Penn Institute for Regnerative Medicine
Foteini Mourkioti, PhD
Assistant Professor, Department of Orthopaedic Surgery/ Co-Director, Musculosketal Regneration Program
Dr. Mourkioti is an Assistant Professor at UPenn (Departments of Orthopaedic Surgery and Cell & Developmental Biology) and the co-Director of Penn IRM, Musculoskeletal Program. Dr. Mourkioti completed her PhD at the Max Planck Institute in Germany and her post-graduate studies at the European Molecular Biology Laboratory (EMBL ranks first in Europe and fourth in the world after CSHL, MIT, and the Salk by citation impact). After that, she got a position at Stanford University where she developed a new mouse model (mdx/mTR) that mimics the disease progression of Duchenne Muscular Dystrophy, the most common inherited form of myopathy. Dr. Mourkioti’s lab is interested in understanding how stem cells in our skeletal muscles communicate with their environment to coordinate muscle regeneration and dissect why although these cells have the potential to fix a damage, they are unable to do so if the injury is large or in case of muscle diseases.

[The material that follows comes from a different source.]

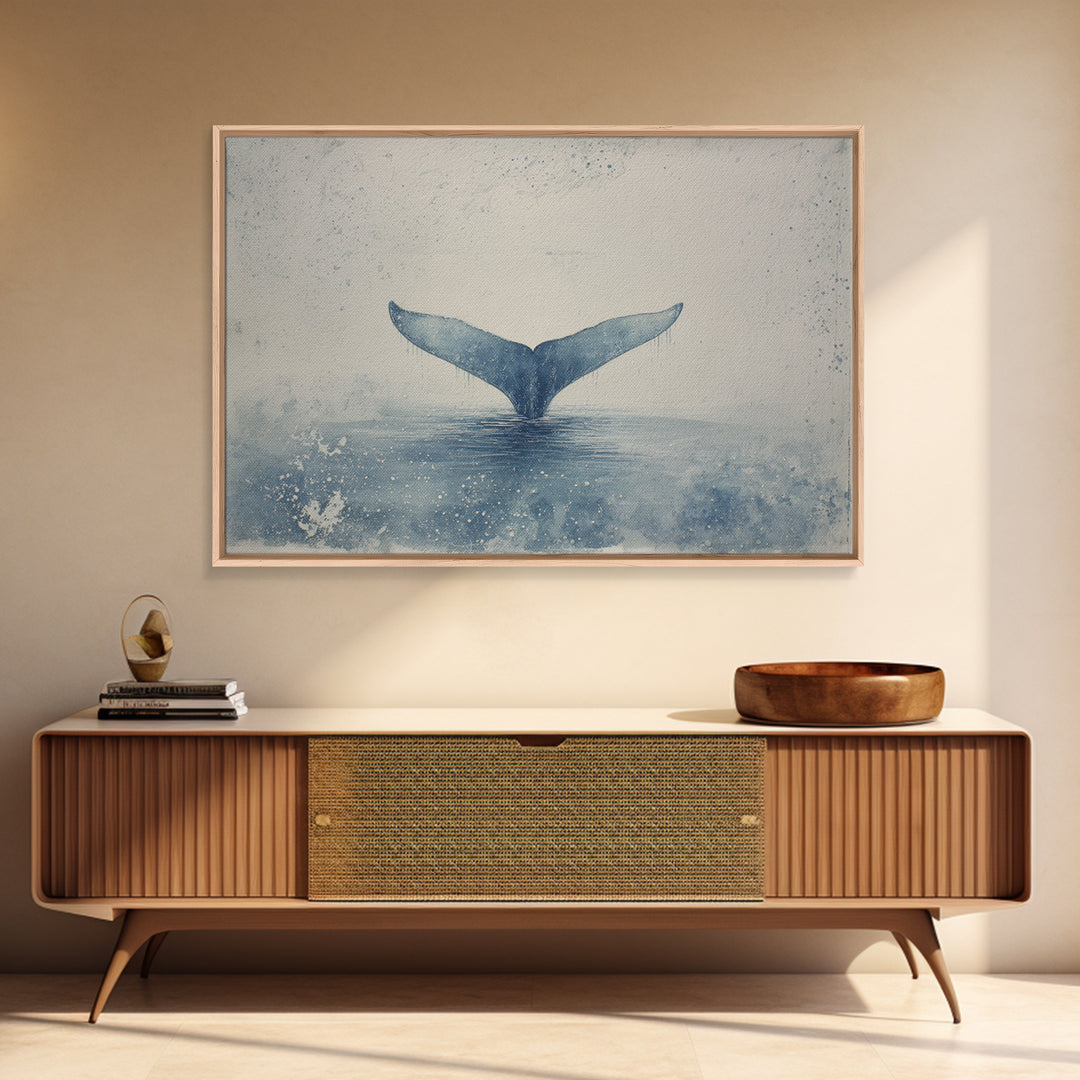 Watercolor Whale Tail Canvas Print, Bathroom Art, Trendy Wall Art, Bathroom Decor, Fine Art, Spa, Textured Painting, BAT-3x2-67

Wharton School Univeristy of Pennsylvania
Steven Nichtberger, M.D.
Adjunct Professor, Healthcare Management Senior Fellow, Vagelos LSM Program
Dr. Nichtberger is a serial internet and biotech entrepreneur. He is managing partner of GBF, LLC investing and providing advisory services. He is co-founder of Tycho Therapeutics, Limelight Bio, ControlRad, Tengion, and Coupco. He previously held senior commercial leadership roles at Merck. At Wharton, he leads the Vagelos Life Sciences & Management capstone course on healthcare company formation, financing, and leadership. At Tengion from 2004-2011, novel cell therapy based regulatory approaches, manufacturing facilities, and clinical pathways were developed under his leadership. In 2008, Dr. Nichtberger was recognized as National Ernst and Young Entrepreneur of the Year.
Penn Center for Innovation, Univeristy of Pennsylvania
John S. Swartley, MBA, PhD
Associate Vice Provost for Research and the Managing Director of the Penn Center for Innovation
John S. Swartley, MBA, PhD is Associate Vice Provost for Research and the Managing Director of the Penn Center for Innovation (PCI) at the University of Pennsylvania. He leads a multi-faceted team that focuses on facilitating new product development, corporate partnerships, industrial R&D alliances, and new venture creation based on faculty expertise and technologies created at Penn. Prior to joining Penn in 2007, Dr. Swartley served as Senior Vice President and General Partner of BCM Technologies (BCMT), the venture capital investment subsidiary of Baylor College of Medicine. Dr. Swartley joined BCMT in 2003 from the Yale University Office of Cooperative Research where he was Associate Director of the Medical Campus Office. Over his career, Dr. Swartley has negotiated hundreds of commercialization and research partnership agreements and has participated in the formation and oversight of dozens of university spin-out companies that have collectively raised over a billion dollars of investment capital. He holds a B.S. in Biology from Bates College, an MBA from the Goizueta School of Business at Emory University, and a PhD in Microbial & Molecular Genetics from Emory University.